• **TASK PROMPT**
Using the listing below, set down each line from the line containing "ANTHURIUM MINI MILLION FLOWERS P09" through the line containing "LILIUM CANDIDUM (CONFEZIONE DA 1 BULBO)", both ends included, exactly and with nothing added.

• **TASK INPUTS**
++++++++++

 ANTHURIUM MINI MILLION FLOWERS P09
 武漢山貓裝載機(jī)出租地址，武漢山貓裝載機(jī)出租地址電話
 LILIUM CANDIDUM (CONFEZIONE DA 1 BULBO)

++++++++++

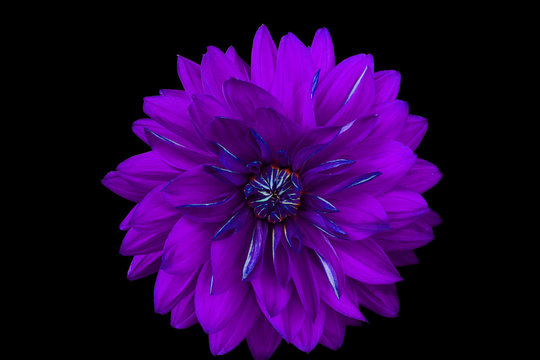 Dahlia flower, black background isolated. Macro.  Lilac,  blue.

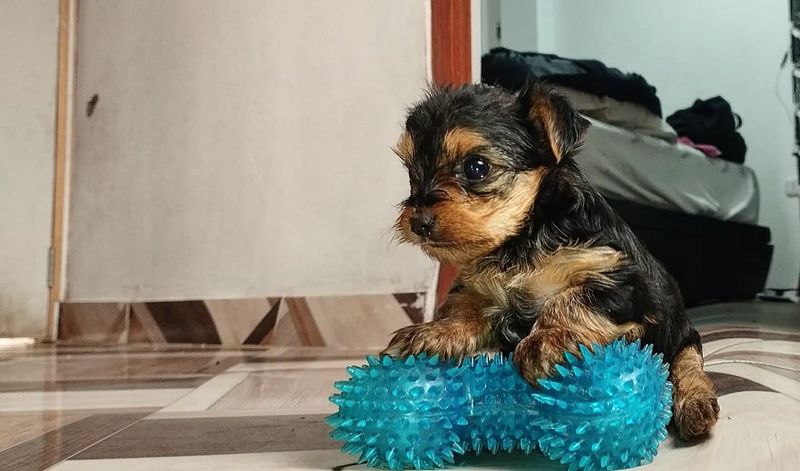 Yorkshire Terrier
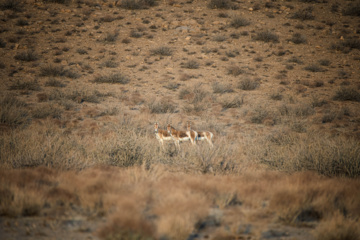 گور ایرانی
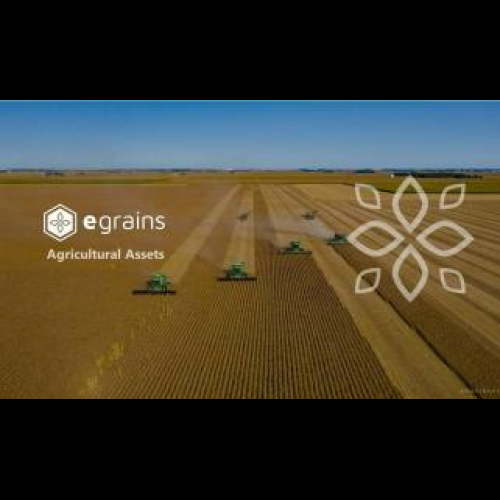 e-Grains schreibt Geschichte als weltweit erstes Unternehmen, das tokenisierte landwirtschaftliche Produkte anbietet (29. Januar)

++++++++++

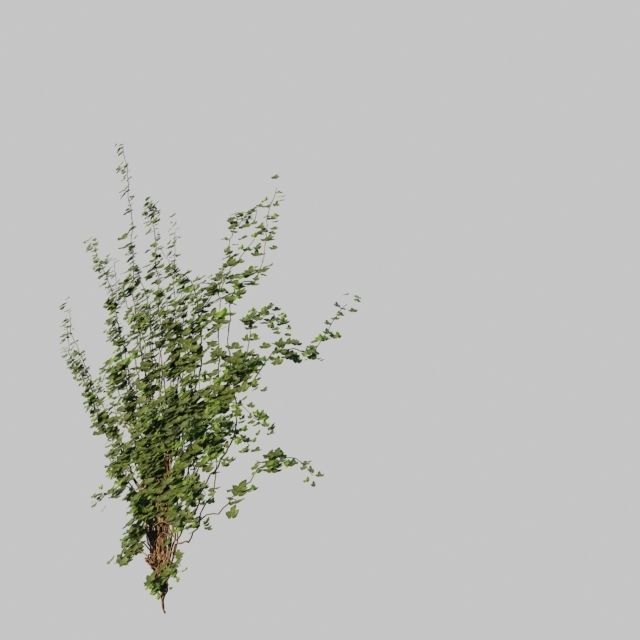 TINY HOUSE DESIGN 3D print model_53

++++++++++

• **RESULT OF THE TASK**
 ANTHURIUM MINI MILLION FLOWERS P09
 武漢山貓裝載機(jī)出租地址，武漢山貓裝載機(jī)出租地址電話
 LILIUM CANDIDUM (CONFEZIONE DA 1 BULBO)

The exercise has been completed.